Lord Neuberger set out various factors which he said it was important to emphasise, including four concerned with the interaction between the natural meaning of a clause and commercial common sense:

  1. The reliance placed in some cases on commercial common sense and surrounding circumstances should not be invoked to undervalue the importance of the language of the provision. Save perhaps in a very unusual case, the meaning that would be conveyed to a reasonable reader is most obviously to be gleaned from the language of the provision.
  2. The less clear the words are, the more ready the court can properly be to depart from their natural meaning. However, that does not justify the court embarking on an exercise of searching for, let alone constructing, drafting infelicities in order to facilitate a departure from the natural meaning.
  3. Commercial common sense is not to be invoked retrospectively. It is only relevant to the extent of how matters would or could have been perceived by the parties, or by reasonable people in the position of the parties, as at the date the contract was made.
  4. While commercial common sense is a very important factor to take into account when interpreting a contract, a court should be very slow to reject the natural meaning of a provision as correct simply because it appears to be a very imprudent term for one of the parties to have agreed, even ignoring the benefit of wisdom of hindsight.

Dissenting judgment

Lord Carnwath delivered a dissenting judgment in which he said that it was clear to his mind that something had gone wrong with the drafting of the clause. In his analysis, the clause imposed an obligation to pay, but with two different descriptions of the payable amount – first, the reference to the “proportionate part” and secondly, reference to a “yearly sum”, leading to an inherent ambiguity which needed to be resolved.

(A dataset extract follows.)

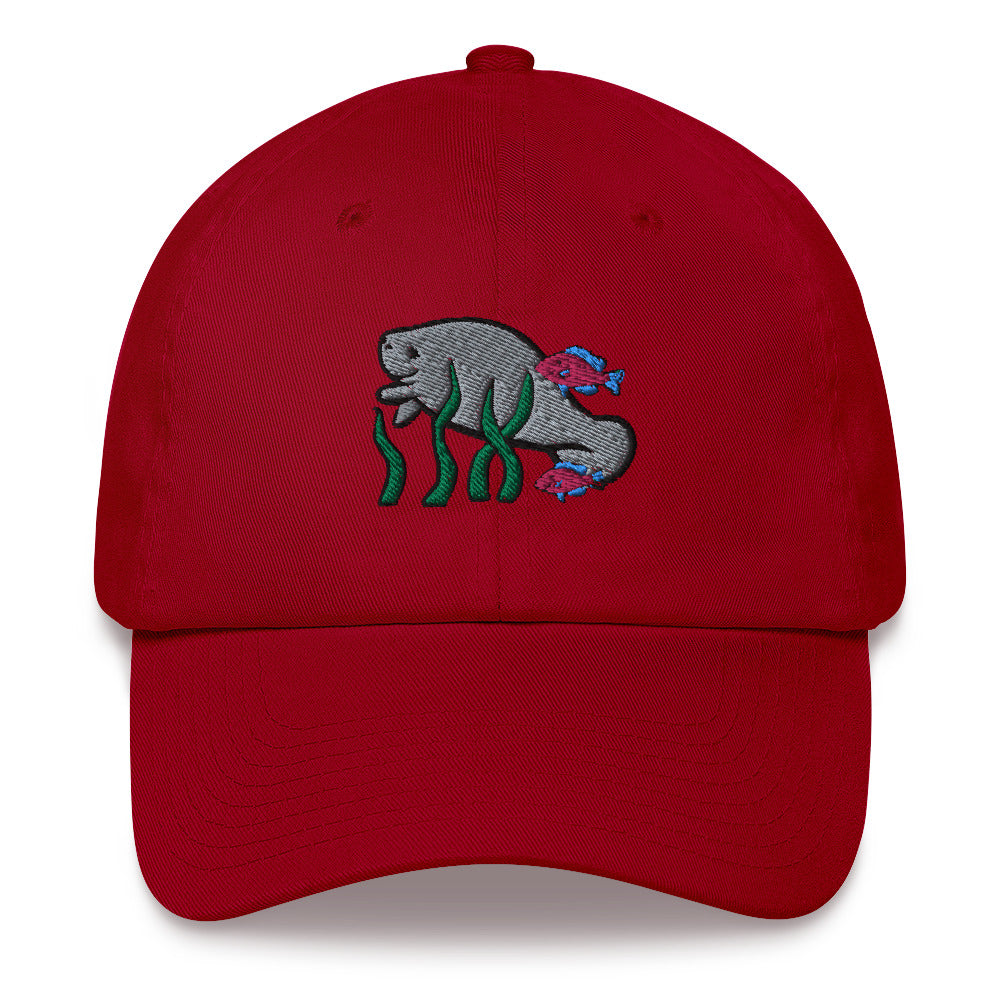 Manatee w Fish Friends Dad Cap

He regarded the consequences of the landlord’s interpretation as so commercially improbable that only the clearest words would justify the court in adopting it. In his view, the limited addition to the clause proposed by the tenants did not do such violence to the contractual language as to justify a result which he described as “commercial nonsense”.


The basic approach to modern contractual construction is clear, and remains so following this decision. It is to determine the objective meaning of a clause, being the meaning it would convey to a reasonable person having all the background knowledge which would have been available to the parties at the time the contract was made.

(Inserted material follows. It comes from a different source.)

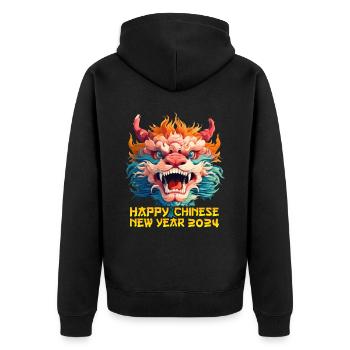 Majestätischer Drache 2024 - Mondneujahrsfeier - Unisex Premium Bio Zip Hoodie - Schwarz - Hinten - Nico (187cm)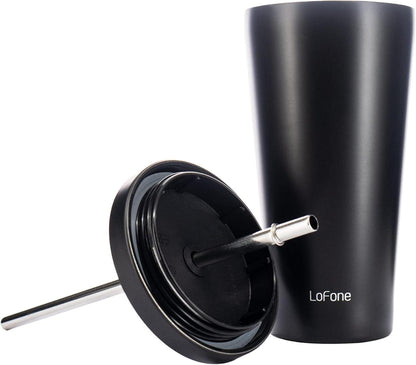 Isolierter Thermobecher mit Strohhalm 500ml Doppelwandig Edelstahl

There is however some tension in the authorities as to the respective roles to be played in that exercise by, on the one hand, the “natural meaning” of the words used and, on the other, perceptions of “commercial common sense”.

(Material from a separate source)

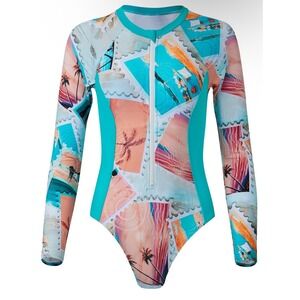 Venus Rashguard One Piece Swimsuit Long Sleeve Zip Front Paddle UV Protect Surf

The Rainy Sky v Kookmin case (considered here) confirmed that where there are two possible constructions of a contract the court is entitled to prefer the construction which is consistent with business common sense and to reject the other. However, the Supreme Court in that case also made it clear that commercial common sense would not relieve a party who has made a bad bargain from the implications of his decisions where the wording of the contract is clear and unambiguous.

In the present case, the majority and the minority disagreed both as to whether there was an ambiguity or lack of clarity in the clause and as to the impact of considerations of commercial common sense. However, there is certainly a sense that the majority were keen to rein in the role of commercial common sense in contractual interpretation and to set some boundaries through Lord Neuberger’s principles. Whilst no reference was made to the Court of Appeal decision in BMA Special Opportunity Hub Fund Ltd & Ors v African Minerals Finance Ltd [2013] EWCA Civ 416, where the Court of Appeal concluded that “commercial common sense” is not to be elevated to an overriding criterion of construction, the present decision is very much in line with that case (see our post on that decision here).